Aida Garifullina © Askonas Holt
Aida Garifullina
© Askonas Holt

Operatic twitchers are drawn irresistibly to Rosenblatt Recitals, tempted by the opportunity to spot exciting up-and-coming singers. In the case of Garifullina, Decca already has a foot firmly planted in the door, signing the Russian soprano earlier this year. Winner of Plácido Domingo’s Operalia competition in 2013, she made her Wiener Staatsoper debut just last month as Musetta in La bohème. Therefore, the anticipatory buzz in Wigmore Hall was even greater than usual for her solo recital, which was not quite a London debut (a charity concert during the 2012 Olympics), but was close. Comparisons with Anna Netrebko are inevitable.
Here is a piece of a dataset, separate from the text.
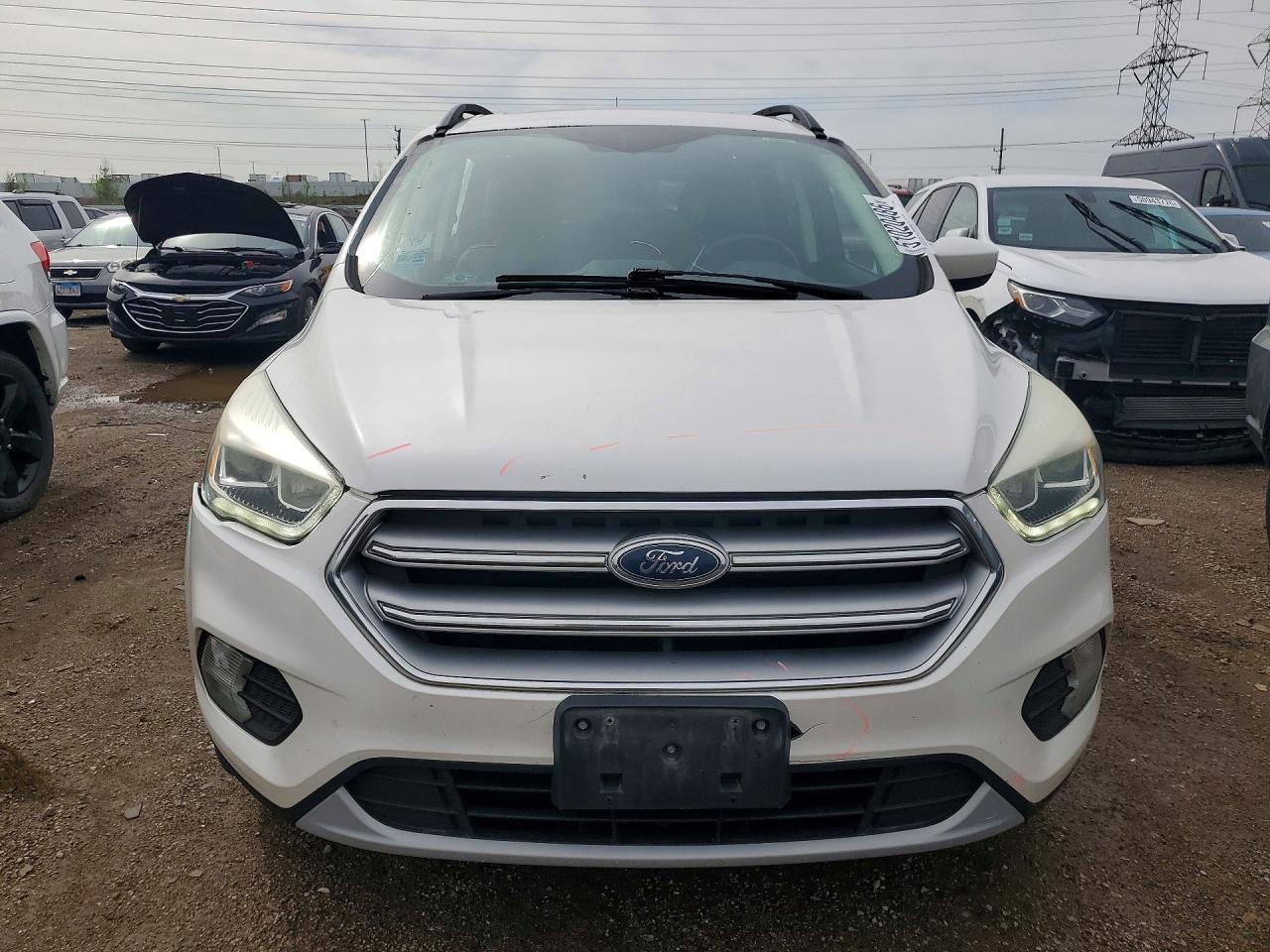 2017 FORD ESCAPE SE photo 5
Garifullina also emerged at the Mariinsky and shares much of Netrebko’s early repertoire: Susanna, Adina, Gilda and – notably – Natasha in War and Peace. She also shares dazzling good looks.
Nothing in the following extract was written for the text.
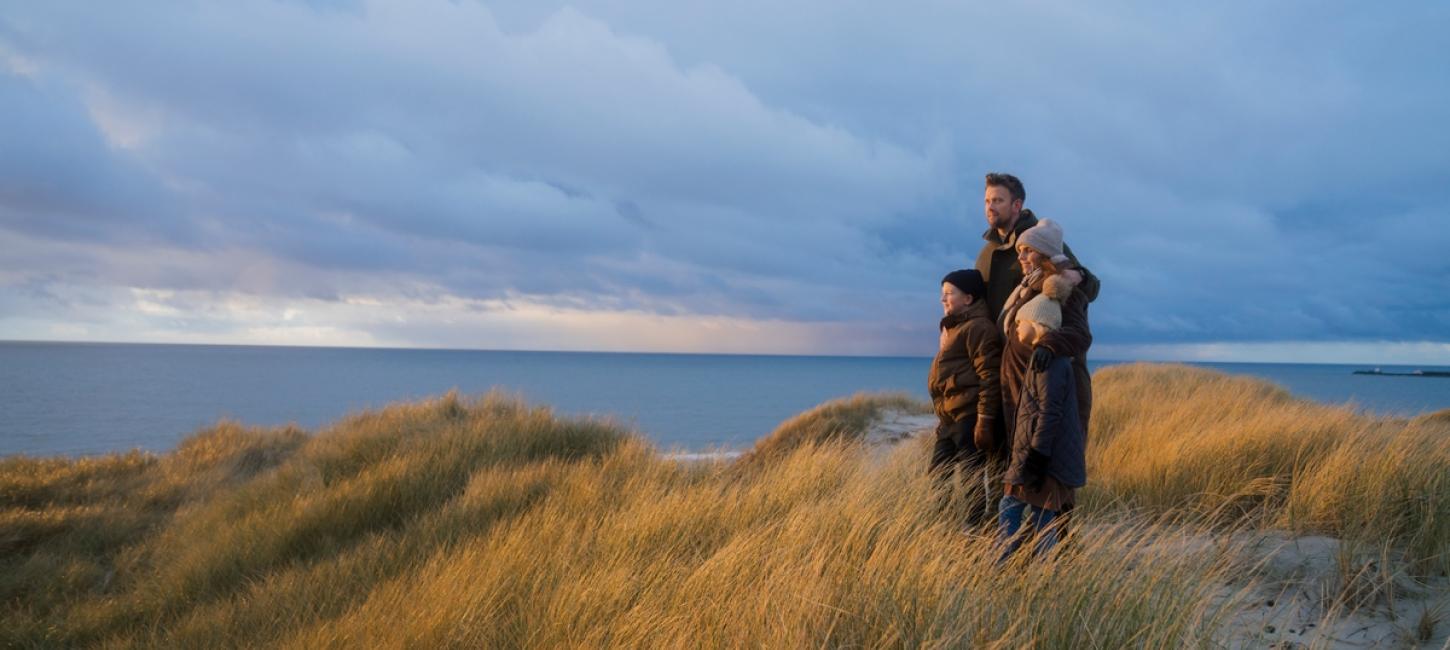 Vinter ved Vesterhavet Familie i klitterne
For such a young singer (barely 27), Garifullina displayed remarkable composure. There is an impressive, calm confidence in her stage manner – which included a brief audience address – and she clearly adored Iain Burnside’s contributions at the piano. She also has that happy knack of seeming to make eye contact with everyone in the hall. But what of the voice?
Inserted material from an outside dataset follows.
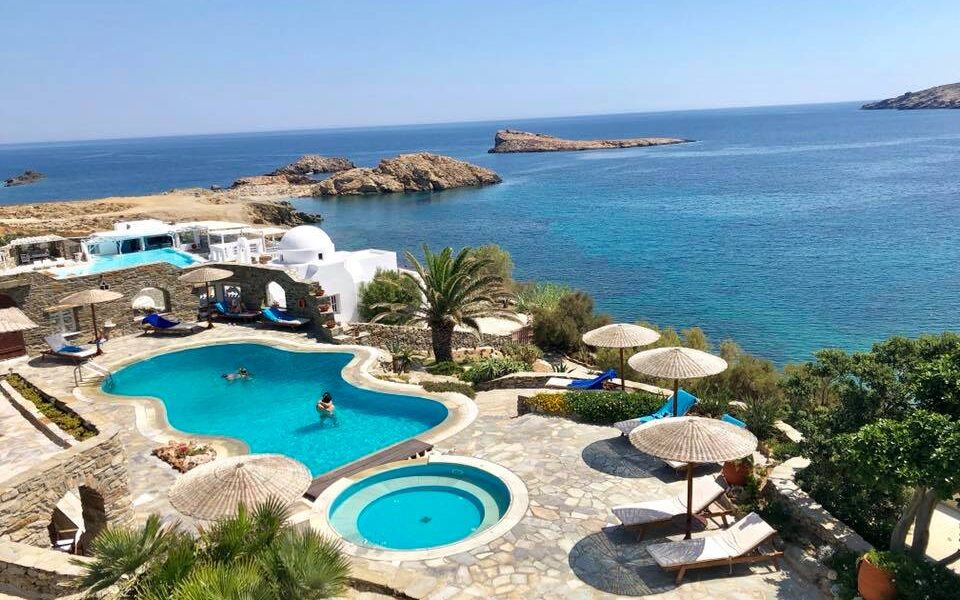 Grecotel Group acquires 5 hotel resorts in Mykonos and Corfu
I could happily have listened to her Russian repertoire all evening. In the aria from Rimsky-Korsakov’s The Snow Maiden, Garifullina immediately demonstrated that she is no soubrette canary. She possesses a bright, full sound from which she can draw a fine diminuendo, while in Rimsky’s The Nightingale enslaved by the rose, dusky lower notes were evident. The Queen of Shemakha’s ravishing ‘Hymn to the Sun’ from Le coq d’or was exquisitely seductive, Garifullina relishing the sinuous chromatic runs, though not always cleanly executed. Yet there was also that wistful Russian melancholy to the voice, perfect for the pair of Rachmaninov songs with which she opened the second half. There was radiant stillness in Siren (Lilacs), while Zdes’ khorosho! (How peaceful is it here!) found her golden-toned soprano gleaming in the upper lines. Burnside, too, was in his element here, particularly in the beautiful postlude to the latter song.

But the modern opera singer needs several strings to the bow and Garifullina’s forays into French, Czech and Italian repertoire met with more variable success. Best was Juliette’s “Je veux vivre”, capturing the breathless excitement of teenage love and creating a real stir in the hall. Musetta’s “Quando m’en vo’” was suitably flirtatious, as was Delibes Les filles de Cadix. “Casta Diva” opened with delicate light and softness. The cabaletta, however, showed up a tendency for her tone to harshen (and sharpen) at the top when at full throttle, although she attacked the ‘money notes’ with brio. There were also, in Dvořák’s Songs my Mother taught me, hints of portamento swooping at the ends of phrases. These are minor quibbles, which can doubtless be ironed out.

Garifullina is clearly still ‘work in progress’, but is hugely promising. As long as she is not pushed too far too soon, she could develop into a superstar in the operatic firmament. “Celeste Aida” indeed.